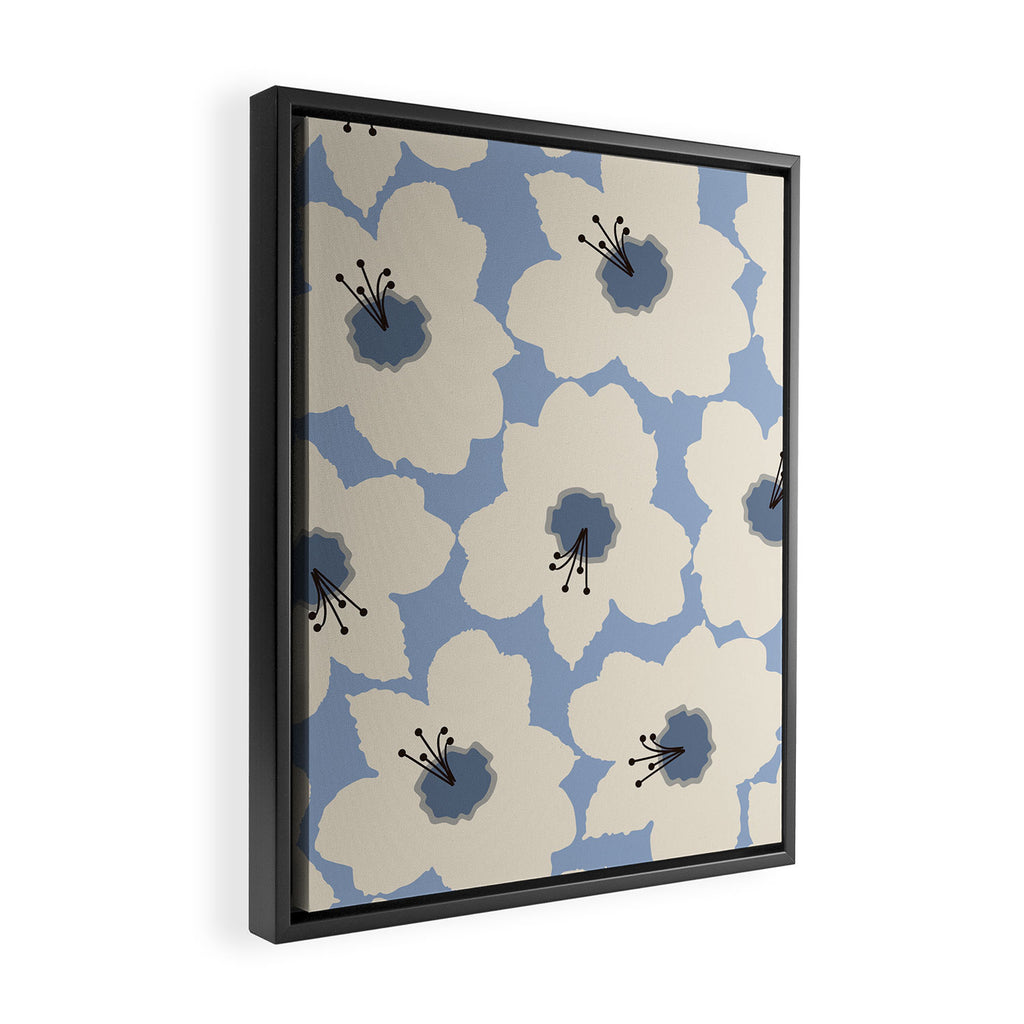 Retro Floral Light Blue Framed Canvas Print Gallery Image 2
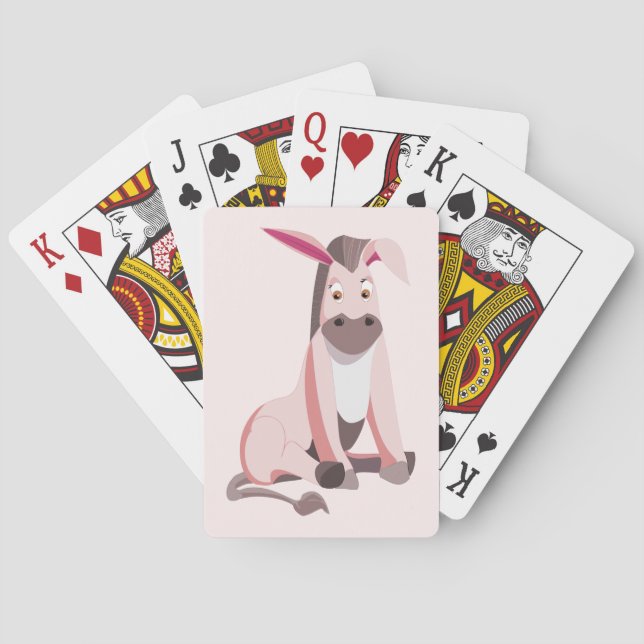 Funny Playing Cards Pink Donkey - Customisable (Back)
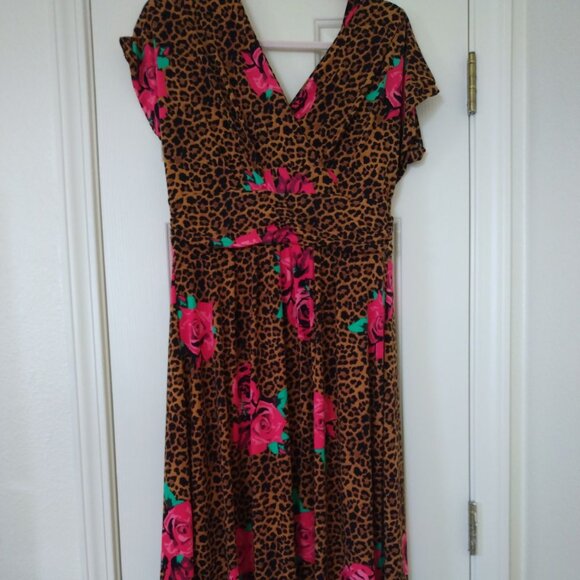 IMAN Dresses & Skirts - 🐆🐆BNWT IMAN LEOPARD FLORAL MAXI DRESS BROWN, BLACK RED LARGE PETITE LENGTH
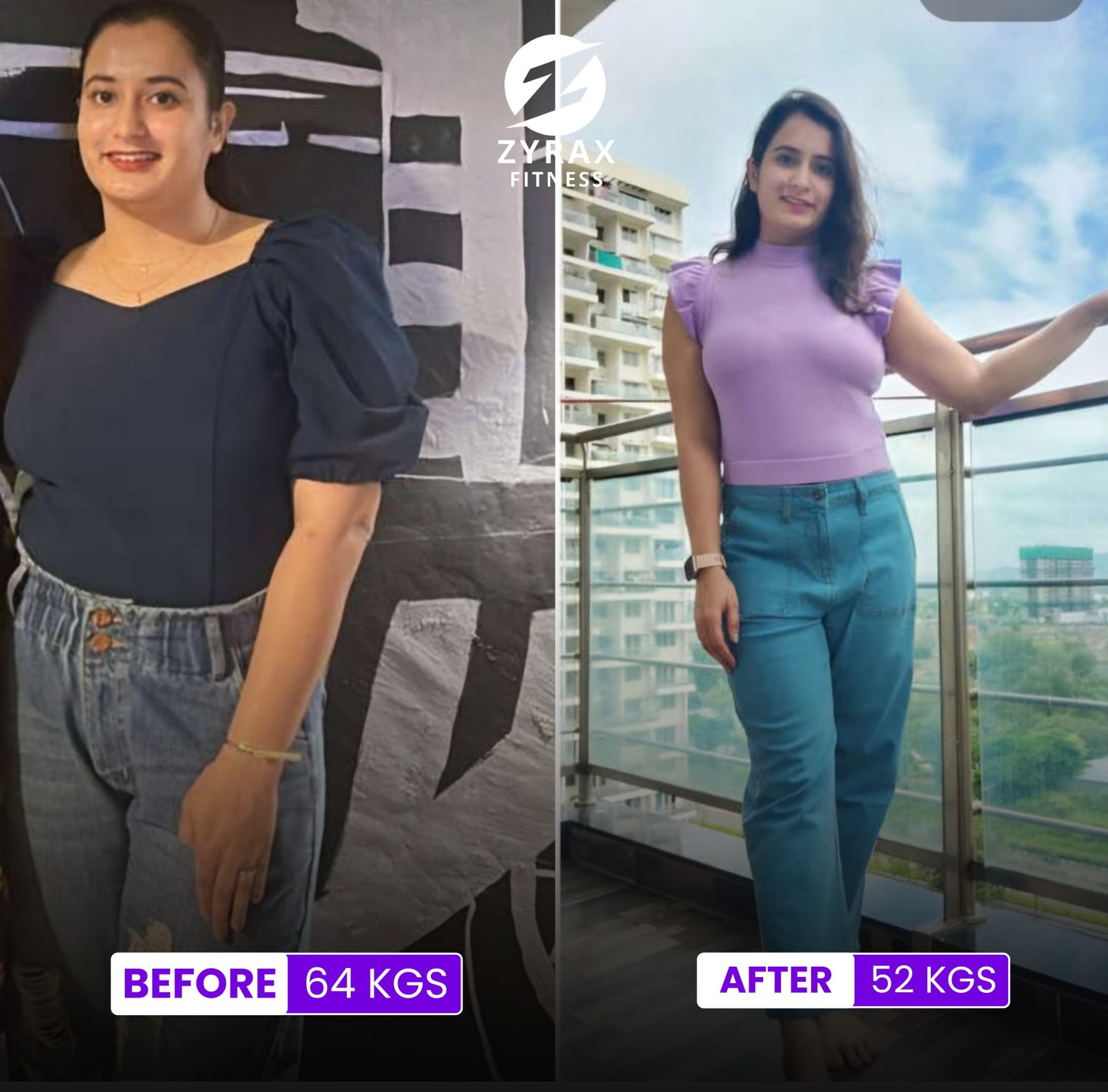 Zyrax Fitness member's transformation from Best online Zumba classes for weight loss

Work instructions ▸ Across all the lines above, repeat the wording exactly and omit the pictures.

Exercise solution ▸
 Retro Floral Light Blue Framed Canvas Print Gallery Image 2
 Funny Playing Cards Pink Donkey - Customisable (Back)
 IMAN Dresses & Skirts - 🐆🐆BNWT IMAN LEOPARD FLORAL MAXI DRESS BROWN, BLACK RED LARGE PETITE LENGTH
 Zyrax Fitness member's transformation from Best online Zumba classes for weight loss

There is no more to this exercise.